▶ **What to produce**: If a line below holds the word "wearing", count it; then say how many such lines there are and nothing else.

▶ **Records shown**:
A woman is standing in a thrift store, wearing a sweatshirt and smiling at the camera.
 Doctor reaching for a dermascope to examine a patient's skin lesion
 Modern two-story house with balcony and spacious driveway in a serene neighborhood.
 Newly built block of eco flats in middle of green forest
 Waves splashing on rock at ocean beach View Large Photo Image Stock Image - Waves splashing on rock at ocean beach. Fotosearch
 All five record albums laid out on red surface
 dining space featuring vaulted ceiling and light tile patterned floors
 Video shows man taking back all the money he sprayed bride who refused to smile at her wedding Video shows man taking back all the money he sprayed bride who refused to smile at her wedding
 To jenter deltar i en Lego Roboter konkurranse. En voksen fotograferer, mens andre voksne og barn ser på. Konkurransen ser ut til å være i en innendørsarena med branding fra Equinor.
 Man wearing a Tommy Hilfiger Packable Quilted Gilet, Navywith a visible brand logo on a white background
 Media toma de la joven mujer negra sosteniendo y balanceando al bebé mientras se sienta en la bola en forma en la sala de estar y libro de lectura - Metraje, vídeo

▶ **Finished task**: 2